The answer is about balance. The norm - where it is highly standardised, inflexible and organisation wide - is not balanced. This exceeds what is necessary, what is contextually appropriate and what is a human way of organising groups of people.
With standardisation, the assumption is that one size fits all. But we know that it doesn’t: every person is uniquely gifted and purposed. Yet annual appraisals tend to evaluate people on the basis of a predetermined list, a list that decides what the organisation believes competent people should be doing, not what an individual is being asked to focus on. Furthermore, when it comes to comparing people, standardised appraisals are also nigh on impossible to measure in any meaningful way. What does it mean to be 0.25 better at conflict resolution than last year? Virtually nothing, if anything at all, because no two people are alike so it’s not an objective measurement. It’s not just standardisation across individuals that is the problem, but also across business units, which, like individuals, are unique and in need of something more contextually appropriate to each scenario.

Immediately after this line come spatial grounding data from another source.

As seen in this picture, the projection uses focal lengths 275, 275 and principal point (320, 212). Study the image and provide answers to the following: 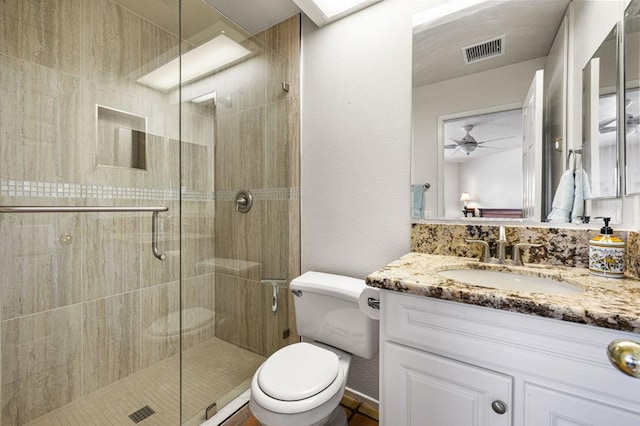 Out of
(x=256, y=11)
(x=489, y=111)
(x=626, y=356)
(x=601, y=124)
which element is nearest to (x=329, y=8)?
(x=256, y=11)

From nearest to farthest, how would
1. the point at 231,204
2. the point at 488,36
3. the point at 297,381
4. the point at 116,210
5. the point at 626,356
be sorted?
the point at 626,356 < the point at 297,381 < the point at 488,36 < the point at 116,210 < the point at 231,204

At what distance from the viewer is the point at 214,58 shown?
155 centimetres

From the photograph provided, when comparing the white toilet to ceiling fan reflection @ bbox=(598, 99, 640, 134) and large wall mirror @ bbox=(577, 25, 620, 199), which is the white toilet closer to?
large wall mirror @ bbox=(577, 25, 620, 199)

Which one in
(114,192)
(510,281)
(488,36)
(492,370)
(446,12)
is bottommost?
(492,370)

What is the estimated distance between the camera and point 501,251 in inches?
43.6

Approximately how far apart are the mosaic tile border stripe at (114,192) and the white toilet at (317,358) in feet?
1.86

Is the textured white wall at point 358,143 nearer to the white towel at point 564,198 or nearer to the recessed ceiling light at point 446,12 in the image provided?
the recessed ceiling light at point 446,12

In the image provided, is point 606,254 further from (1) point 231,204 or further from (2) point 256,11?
(2) point 256,11

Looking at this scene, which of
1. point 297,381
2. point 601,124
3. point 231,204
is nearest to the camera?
point 601,124

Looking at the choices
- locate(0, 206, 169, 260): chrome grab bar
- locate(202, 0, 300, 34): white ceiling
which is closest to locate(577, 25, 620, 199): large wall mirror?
locate(202, 0, 300, 34): white ceiling

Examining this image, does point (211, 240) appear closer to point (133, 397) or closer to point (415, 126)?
point (133, 397)

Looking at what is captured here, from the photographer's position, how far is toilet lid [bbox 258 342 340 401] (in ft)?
3.36

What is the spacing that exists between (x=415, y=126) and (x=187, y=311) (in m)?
1.58

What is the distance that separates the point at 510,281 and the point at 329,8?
5.35ft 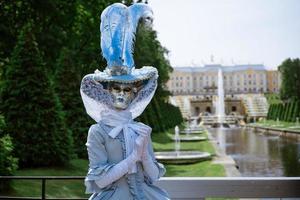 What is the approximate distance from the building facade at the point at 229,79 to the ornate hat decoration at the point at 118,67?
11634 centimetres

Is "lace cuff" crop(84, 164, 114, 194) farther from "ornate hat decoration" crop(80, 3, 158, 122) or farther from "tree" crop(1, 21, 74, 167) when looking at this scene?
"tree" crop(1, 21, 74, 167)

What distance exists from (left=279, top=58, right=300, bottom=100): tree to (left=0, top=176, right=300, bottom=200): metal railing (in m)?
65.3

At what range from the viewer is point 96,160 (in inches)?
108

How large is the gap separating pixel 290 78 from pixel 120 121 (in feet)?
224

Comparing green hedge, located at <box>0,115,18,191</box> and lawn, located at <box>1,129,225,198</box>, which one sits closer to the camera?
green hedge, located at <box>0,115,18,191</box>

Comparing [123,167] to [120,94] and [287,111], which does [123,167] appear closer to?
[120,94]

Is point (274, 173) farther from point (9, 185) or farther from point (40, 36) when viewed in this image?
point (40, 36)

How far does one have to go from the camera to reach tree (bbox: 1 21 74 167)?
10.4 metres

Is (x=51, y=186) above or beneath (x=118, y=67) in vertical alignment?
beneath

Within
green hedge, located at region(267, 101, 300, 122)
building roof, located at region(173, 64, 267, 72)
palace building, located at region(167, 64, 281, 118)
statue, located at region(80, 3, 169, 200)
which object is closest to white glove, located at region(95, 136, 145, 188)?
statue, located at region(80, 3, 169, 200)

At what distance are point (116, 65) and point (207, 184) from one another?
81.1 inches

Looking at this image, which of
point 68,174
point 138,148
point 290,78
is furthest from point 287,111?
point 138,148

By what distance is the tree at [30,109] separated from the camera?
34.1ft

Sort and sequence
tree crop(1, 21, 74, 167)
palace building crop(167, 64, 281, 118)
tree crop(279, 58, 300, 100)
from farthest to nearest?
palace building crop(167, 64, 281, 118), tree crop(279, 58, 300, 100), tree crop(1, 21, 74, 167) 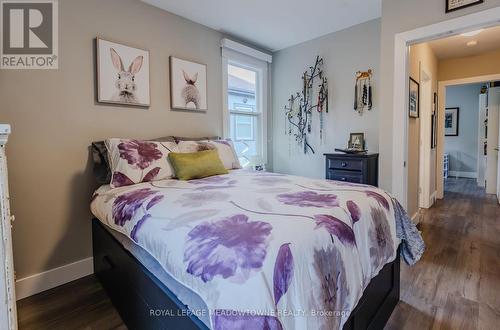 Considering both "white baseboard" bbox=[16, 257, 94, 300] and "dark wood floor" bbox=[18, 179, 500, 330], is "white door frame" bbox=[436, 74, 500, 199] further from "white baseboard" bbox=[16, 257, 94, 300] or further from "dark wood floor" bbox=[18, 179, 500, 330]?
"white baseboard" bbox=[16, 257, 94, 300]

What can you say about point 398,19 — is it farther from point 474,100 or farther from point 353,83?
point 474,100

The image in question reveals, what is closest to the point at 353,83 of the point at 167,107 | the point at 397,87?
the point at 397,87

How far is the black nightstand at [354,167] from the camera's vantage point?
272cm

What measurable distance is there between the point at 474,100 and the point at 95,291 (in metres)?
8.55

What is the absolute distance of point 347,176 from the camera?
9.42 feet

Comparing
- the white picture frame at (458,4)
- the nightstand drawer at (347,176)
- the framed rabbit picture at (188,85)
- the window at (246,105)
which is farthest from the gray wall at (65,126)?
the white picture frame at (458,4)

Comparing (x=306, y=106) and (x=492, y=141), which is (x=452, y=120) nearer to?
(x=492, y=141)

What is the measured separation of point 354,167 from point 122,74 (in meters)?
2.46

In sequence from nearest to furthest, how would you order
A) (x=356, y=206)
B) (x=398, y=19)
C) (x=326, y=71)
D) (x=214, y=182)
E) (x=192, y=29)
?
(x=356, y=206)
(x=214, y=182)
(x=398, y=19)
(x=192, y=29)
(x=326, y=71)

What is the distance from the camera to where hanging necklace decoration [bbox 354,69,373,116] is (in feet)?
10.0

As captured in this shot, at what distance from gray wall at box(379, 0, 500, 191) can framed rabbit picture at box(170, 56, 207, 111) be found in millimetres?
1893

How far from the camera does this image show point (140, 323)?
138 cm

At the other end of the spectrum is no standardisation at all. This isn’t healthy either. To have no framework or wider context for discussion can lead to conversations that are a distraction. Where the line is drawn will depend upon the size and culture of the business and the particular topic under discussion. But some useful questions to come back to include:
- “How does this format serve an individual and their role?”;
- “How much does the format allow for an individual to uniquely express themselves?”;
- “Why are we standardizing this?” and
- “Have the people who are having the process applied to them been genuinely able to influence its format?”